State-owned enterprises should focus on financial personnel with the most professional knowledge of taxation, such as those with professional qualifications of certified public accountants, certified tax agents or senior accountants, and set up independent enterprise tax departments to fully demonstrate the tax risks involved in the reorganization of state-owned enterprises. Because there are many levels of tax laws and regulations in China, if enterprise tax personnel have a vague understanding of tax law during the demonstration, they should communicate with the competent tax authorities in time before continuing the project demonstration to prevent tax-related risks.

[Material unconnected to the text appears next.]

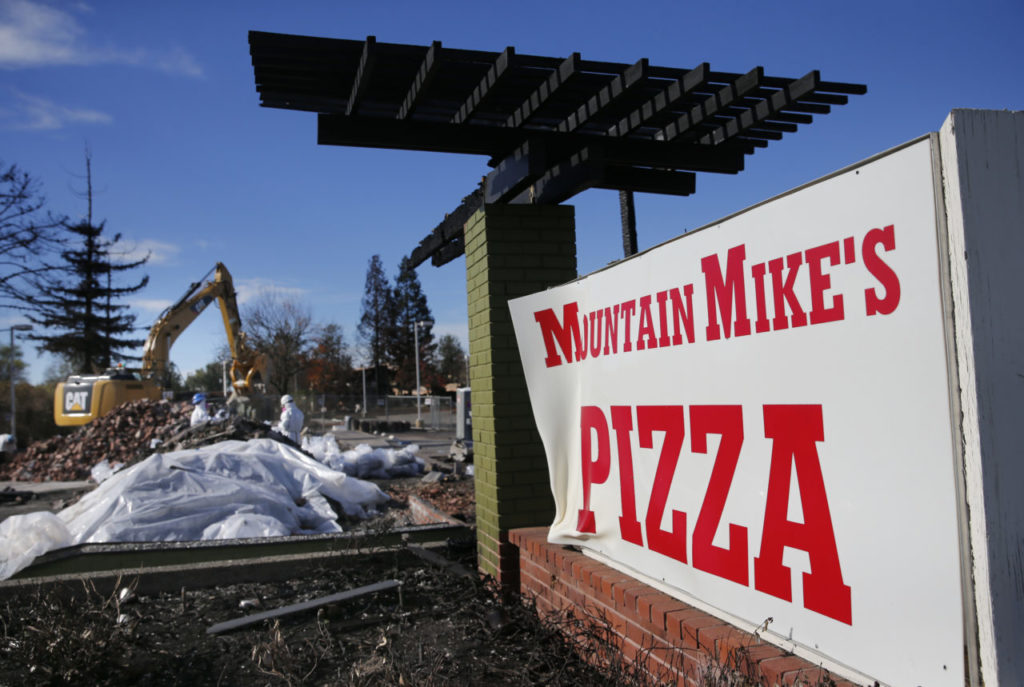 Employees of Excel Site Services clean up burned debris at Mountain Mike's Pizza on Cleveland Ave on Wednesday, November 29, 2017 in Santa Rosa, California . (BETH SCHLANKER/The Press Democrat)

(3) the reorganization plan decided by the competent tax authorities before the state-owned enterprises implement enterprise reorganization.

Different ways of enterprise restructuring enjoy different tax incentives, so the restructuring plan of state-owned enterprises should fully consider what kind of restructuring methods can adapt to the preferential tax policies; Any tax-related issues in the restructuring plan, such as whether the contract form and organizational structure conform to the provisions of the tax law, must be fully communicated with the competent tax authorities before the implementation of enterprise restructuring, so that they can give professional guidance on the tax feasibility of this enterprise restructuring plan and do a good job in preventing tax-related risks beforehand.

References:

Shine Wong. Study on the Enterprise Income Tax Risk of the Merger and Reorganization of State-owned Enterprises [J]. Accounting Newsletter, 20 17, (02):1119.

[2] Lin Yuexiu. Thoughts on tax-related issues of free transfer of property rights in mergers and acquisitions of state-owned enterprises [J]. Accounting study, 20 17, (23): 0 1-03.

[3] Yu Wen. Case study on special reorganization business [J]. Accounting, 20 17, (05): 13- 14.